PREP TIME: 15 mins
COOK TIME: 45 mins
- 3 pounds bone-in, skin-on, chicken thighs
- Salt & pepper to taste
- 2 tablespoons olive oil
- 4 medium Yukon Gold potatoes, 1-inch chunks
- 4-5 medium Carrots
- 3 whole, unpeeled cloves garlic, smashed flat
- 1 bunch Swiss chard
- 1 1/2 cups chicken stock
- 1 tablespoon Dijon mustard
- Finely grated zest of 1 lemon
- 1/2 teaspoon dried thyme
- Juice of 1/2 lemon
- 1/4 cup chopped parsley
- Preheat the oven 400°F.
- With scissors or a sharp knife, trim the excess chicken skin & fat from the thighs. Sprinkle all over with salt and pepper.
- Tear or cut the stalks from the leaves. Cut the stalks into 1-inch pieces. Slice the leaves into 2-inch-wide strips. Keep the stalks & leaves separate.
- In a large ovenproof skillet set over medium-high heat, add the oil. Once the oil shimmers, add the chicken with the skin side down. Cook on the skin side only for about 5 minutes without disturbing it,, so the skin lightly browns.
- Transfer to a plate. (If the chicken doesn’t fit in one skillet, cook in batches or use two smaller skillets and divide the ingredients between them.)
- Add the potatoes & carrots to the skillet & cook for 5 minutes.
- Add the chard stalks, smashed garlic & braising liquid to the skillet
w/vegetables. Set the chicken pieces on top & sprinkle w/thyme.

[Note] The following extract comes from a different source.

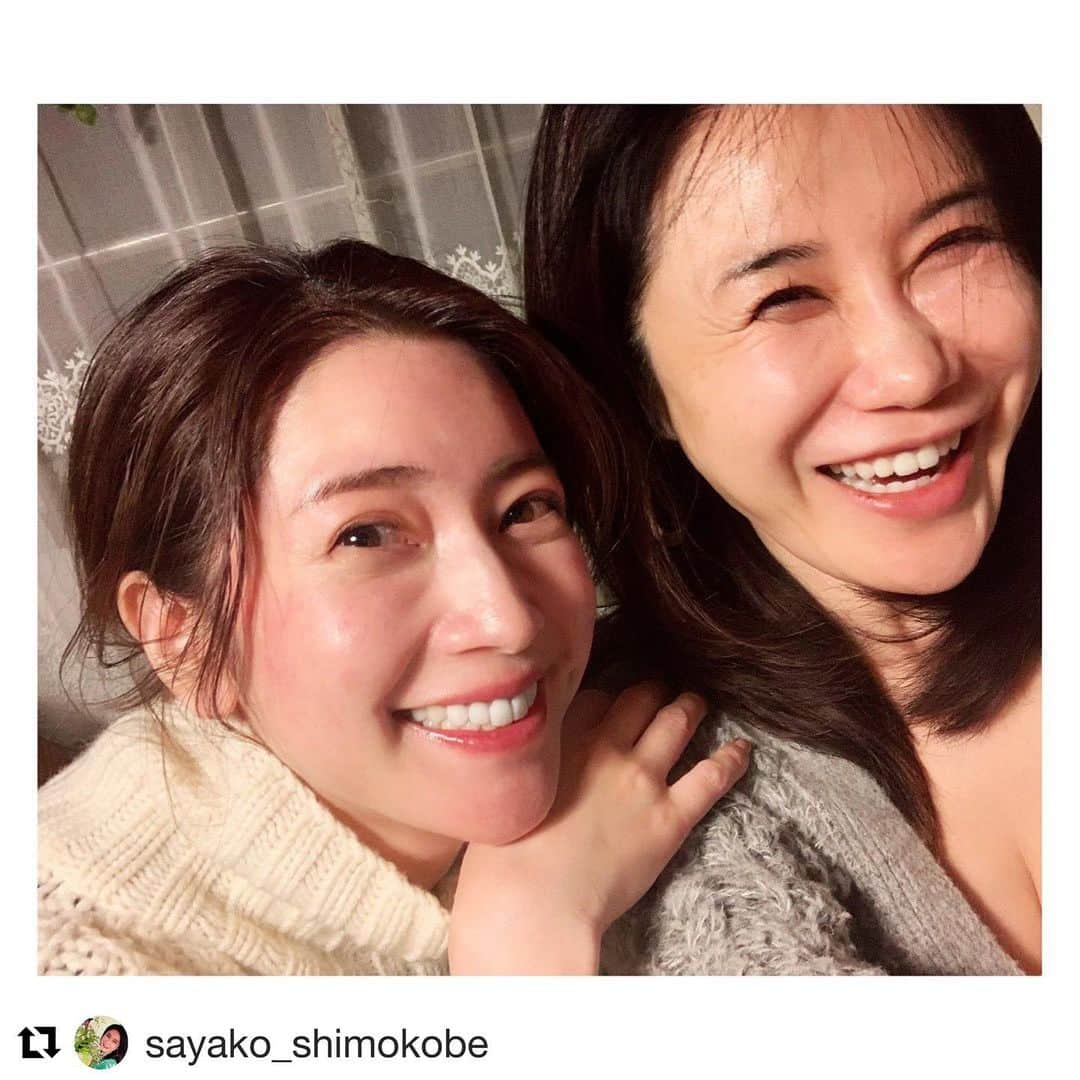 森絵里香さんのインスタグラム写真 - (森絵里香Instagram)「. 久しぶりに会えた♡ . Anecanで出会ってからもう何年だろう？後もう少しで10年かな？？ . いつ会ったって全力で応援してくれる、ずっと変わらずパワフルで頼もしい女性✨ 沢山笑って幸せな休日を過ごせました☺️ . 笑うってホント大切だな💐 . #Repost @sayako_shimokobe with @get_repost ・・・ いつ会っても、好きだなぁと思うし、尊敬するし、癒される。 森絵里香　@morierika0502  のバストアップサロンすごかった😳😳😳痛かったけど、でもでもでも！！！ この人ほんと、すごい…。  #バストアップ　#バストアップマッサージ  #森絵里香」12月1日 15時56分 - morierika0502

- Transfer the pan to the oven. Roast, uncovered, for 30 minutes, or until the chicken is cooked through & the vegetables are tender. Remove the pan from the oven.
- Transfer the chicken thighs to a plate. Taste the broth & add more salt, if you like. Set the skillet over high heat & bring the liquid to a boil. Stir the chard leaves into the skillet & cook for 2 to 3 minutes, or just until wilted.
- Remove the garlic cloves.
- Set the chicken on top of the vegetables. Squeeze the lemon over the chicken & sprinkle w/parsley.
- Serve from the skillet, or transfer to a large serving platter.